### Assigned task:
For the entries below, the result should be an exact transcription of the lines from the one with "TOYOTA AYGO 1.0 VVT-i Ice 2012" up to and including the one with "Dining - Wonderful", and only those.

### Dataset extract:
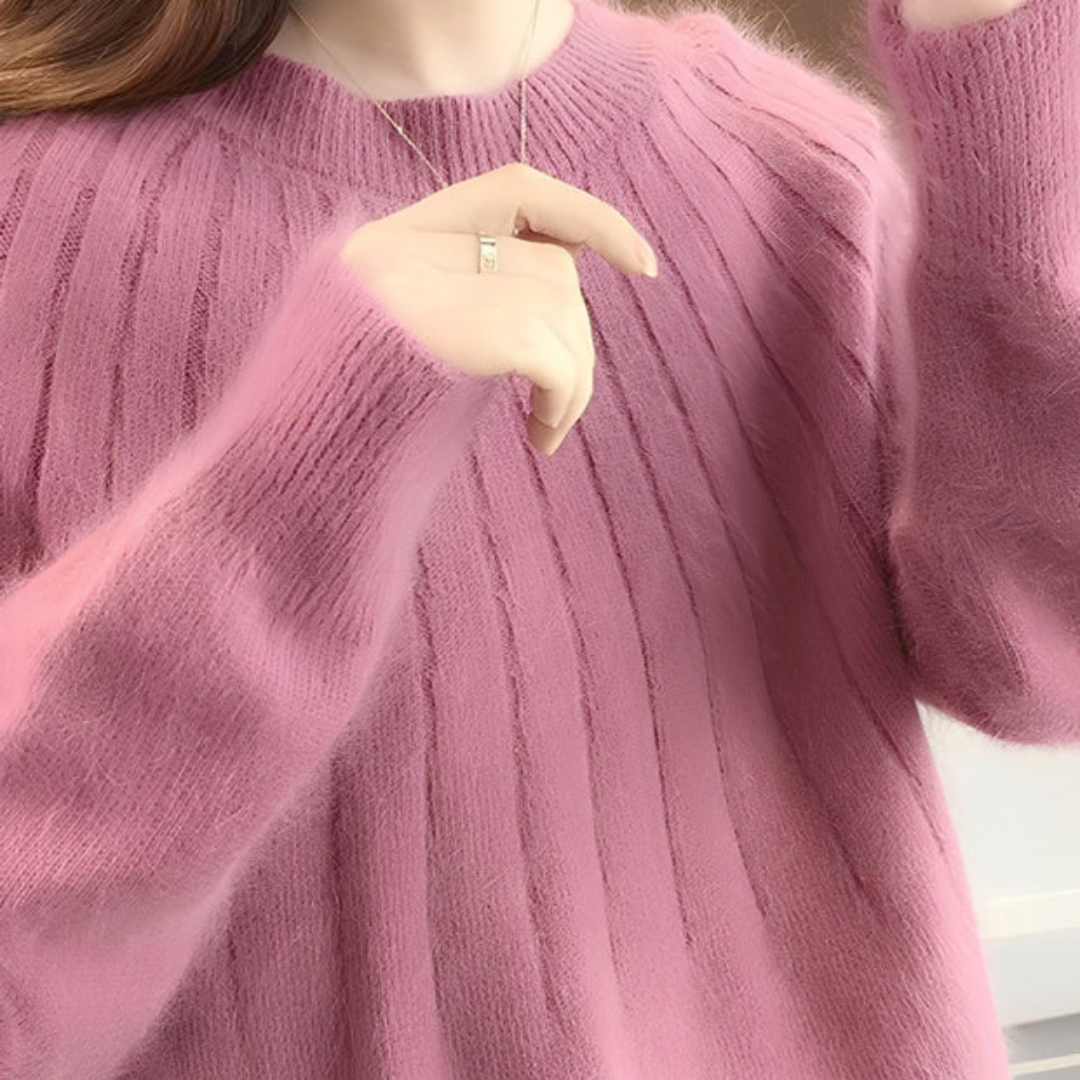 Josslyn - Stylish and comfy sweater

---

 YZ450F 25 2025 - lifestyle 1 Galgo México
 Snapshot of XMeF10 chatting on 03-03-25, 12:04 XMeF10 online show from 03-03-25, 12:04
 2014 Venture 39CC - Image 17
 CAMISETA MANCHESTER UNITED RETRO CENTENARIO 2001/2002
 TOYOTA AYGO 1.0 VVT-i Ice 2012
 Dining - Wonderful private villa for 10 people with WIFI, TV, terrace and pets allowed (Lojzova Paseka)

### Task answer:
 TOYOTA AYGO 1.0 VVT-i Ice 2012
 Dining - Wonderful private villa for 10 people with WIFI, TV, terrace and pets allowed (Lojzova Paseka)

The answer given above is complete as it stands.